*** SOURCE MATERIAL ***
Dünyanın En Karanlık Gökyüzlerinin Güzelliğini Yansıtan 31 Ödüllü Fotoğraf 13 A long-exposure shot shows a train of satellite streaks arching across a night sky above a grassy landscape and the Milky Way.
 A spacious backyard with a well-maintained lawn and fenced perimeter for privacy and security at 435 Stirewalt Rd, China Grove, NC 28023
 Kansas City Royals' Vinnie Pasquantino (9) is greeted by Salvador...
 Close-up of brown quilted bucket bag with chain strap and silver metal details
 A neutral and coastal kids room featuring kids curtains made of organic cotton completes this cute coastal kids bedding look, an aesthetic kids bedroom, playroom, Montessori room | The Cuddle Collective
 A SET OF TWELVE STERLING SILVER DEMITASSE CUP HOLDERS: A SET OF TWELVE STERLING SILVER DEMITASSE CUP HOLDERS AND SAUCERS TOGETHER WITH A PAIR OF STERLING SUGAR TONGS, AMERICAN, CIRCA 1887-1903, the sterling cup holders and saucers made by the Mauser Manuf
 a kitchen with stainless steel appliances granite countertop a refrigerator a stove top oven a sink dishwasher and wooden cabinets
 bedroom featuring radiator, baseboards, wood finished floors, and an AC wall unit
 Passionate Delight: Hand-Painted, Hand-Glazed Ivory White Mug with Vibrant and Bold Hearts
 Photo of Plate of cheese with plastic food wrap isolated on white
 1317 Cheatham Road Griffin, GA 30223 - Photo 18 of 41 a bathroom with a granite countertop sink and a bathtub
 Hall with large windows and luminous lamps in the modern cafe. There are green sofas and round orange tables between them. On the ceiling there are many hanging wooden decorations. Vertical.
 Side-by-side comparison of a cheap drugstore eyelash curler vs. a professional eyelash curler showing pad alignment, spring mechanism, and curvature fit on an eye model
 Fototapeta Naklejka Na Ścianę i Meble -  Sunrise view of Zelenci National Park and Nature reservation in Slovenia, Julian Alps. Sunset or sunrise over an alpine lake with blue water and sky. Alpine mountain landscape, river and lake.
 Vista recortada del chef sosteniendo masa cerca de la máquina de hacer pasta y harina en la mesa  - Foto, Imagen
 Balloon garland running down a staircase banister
*** End of SOURCE MATERIAL ***
GOAL OF THE EXERCISE. Repeat the line containing "A SET OF TWELVE STERLING SILVER DEMITASSE CUP HOLDERS: A" and all subsequent lines through the final line of the data, exactly and with no others.

YOUR RESPONSE.
 A SET OF TWELVE STERLING SILVER DEMITASSE CUP HOLDERS: A SET OF TWELVE STERLING SILVER DEMITASSE CUP HOLDERS AND SAUCERS TOGETHER WITH A PAIR OF STERLING SUGAR TONGS, AMERICAN, CIRCA 1887-1903, the sterling cup holders and saucers made by the Mauser Manuf
 a kitchen with stainless steel appliances granite countertop a refrigerator a stove top oven a sink dishwasher and wooden cabinets
 bedroom featuring radiator, baseboards, wood finished floors, and an AC wall unit
 Passionate Delight: Hand-Painted, Hand-Glazed Ivory White Mug with Vibrant and Bold Hearts
 Photo of Plate of cheese with plastic food wrap isolated on white
 1317 Cheatham Road Griffin, GA 30223 - Photo 18 of 41 a bathroom with a granite countertop sink and a bathtub
 Hall with large windows and luminous lamps in the modern cafe. There are green sofas and round orange tables between them. On the ceiling there are many hanging wooden decorations. Vertical.
 Side-by-side comparison of a cheap drugstore eyelash curler vs. a professional eyelash curler showing pad alignment, spring mechanism, and curvature fit on an eye model
 Fototapeta Naklejka Na Ścianę i Meble -  Sunrise view of Zelenci National Park and Nature reservation in Slovenia, Julian Alps. Sunset or sunrise over an alpine lake with blue water and sky. Alpine mountain landscape, river and lake.
 Vista recortada del chef sosteniendo masa cerca de la máquina de hacer pasta y harina en la mesa  - Foto, Imagen
 Balloon garland running down a staircase banister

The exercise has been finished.